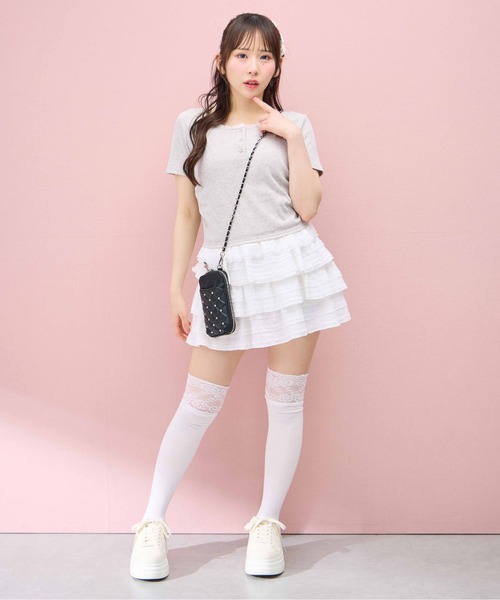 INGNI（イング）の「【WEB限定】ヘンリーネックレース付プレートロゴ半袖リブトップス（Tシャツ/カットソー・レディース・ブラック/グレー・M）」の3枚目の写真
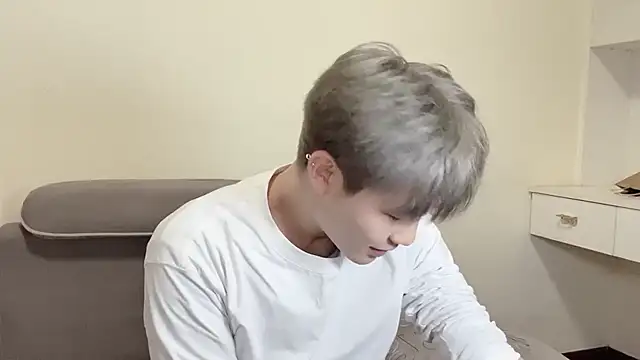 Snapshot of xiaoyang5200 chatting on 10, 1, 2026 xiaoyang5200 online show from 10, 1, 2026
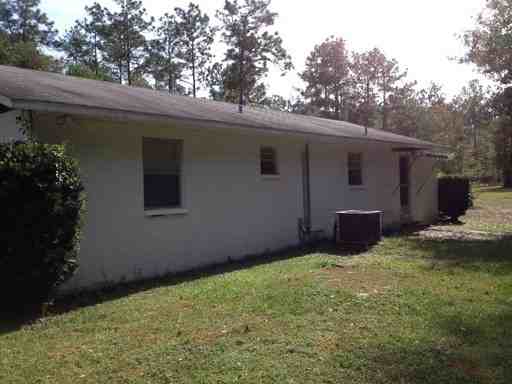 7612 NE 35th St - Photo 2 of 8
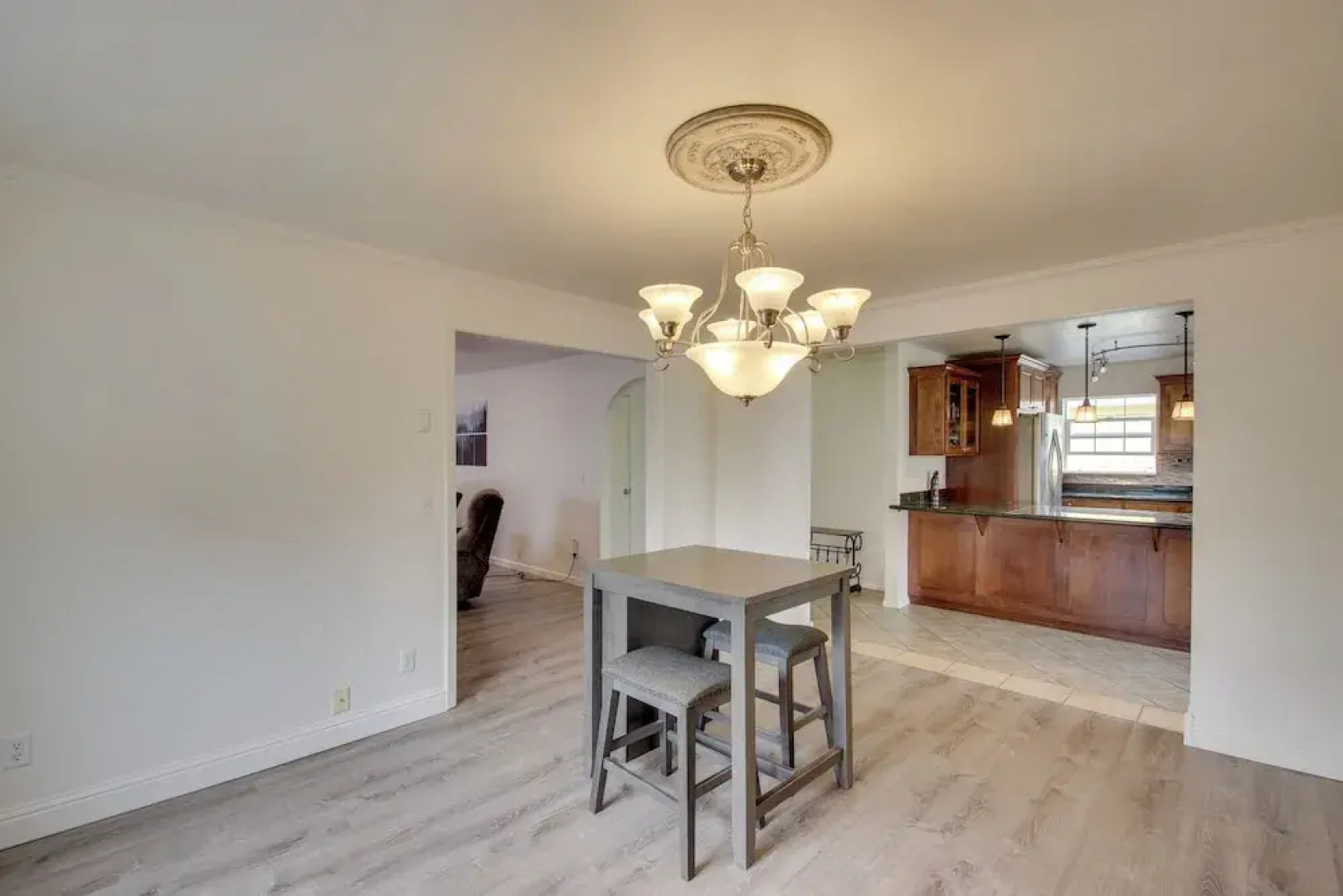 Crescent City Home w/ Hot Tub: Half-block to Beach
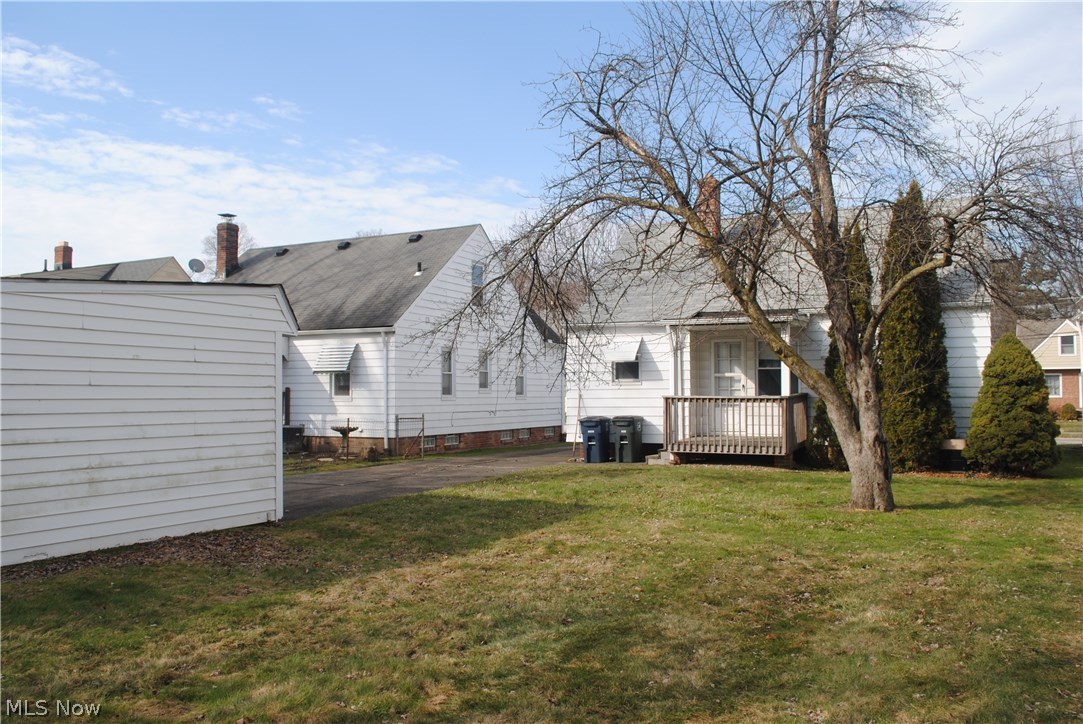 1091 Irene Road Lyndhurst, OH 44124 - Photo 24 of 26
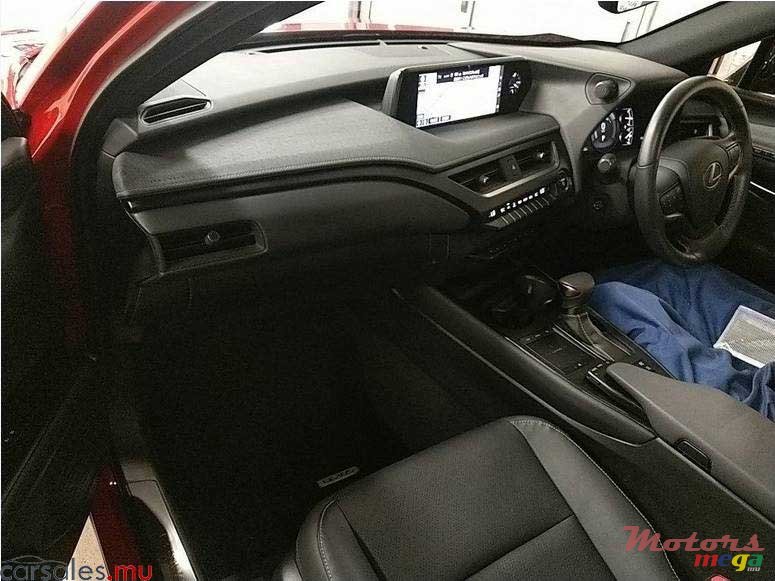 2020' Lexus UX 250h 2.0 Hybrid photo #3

WHAT IS REQUIRED ::
What is needed is an exact printout of all the entries, without the pictures.

REPLY TO THE EXERCISE ::
 INGNI（イング）の「【WEB限定】ヘンリーネックレース付プレートロゴ半袖リブトップス（Tシャツ/カットソー・レディース・ブラック/グレー・M）」の3枚目の写真
 Snapshot of xiaoyang5200 chatting on 10, 1, 2026 xiaoyang5200 online show from 10, 1, 2026
 7612 NE 35th St - Photo 2 of 8
 Crescent City Home w/ Hot Tub: Half-block to Beach
 1091 Irene Road Lyndhurst, OH 44124 - Photo 24 of 26
 2020' Lexus UX 250h 2.0 Hybrid photo #3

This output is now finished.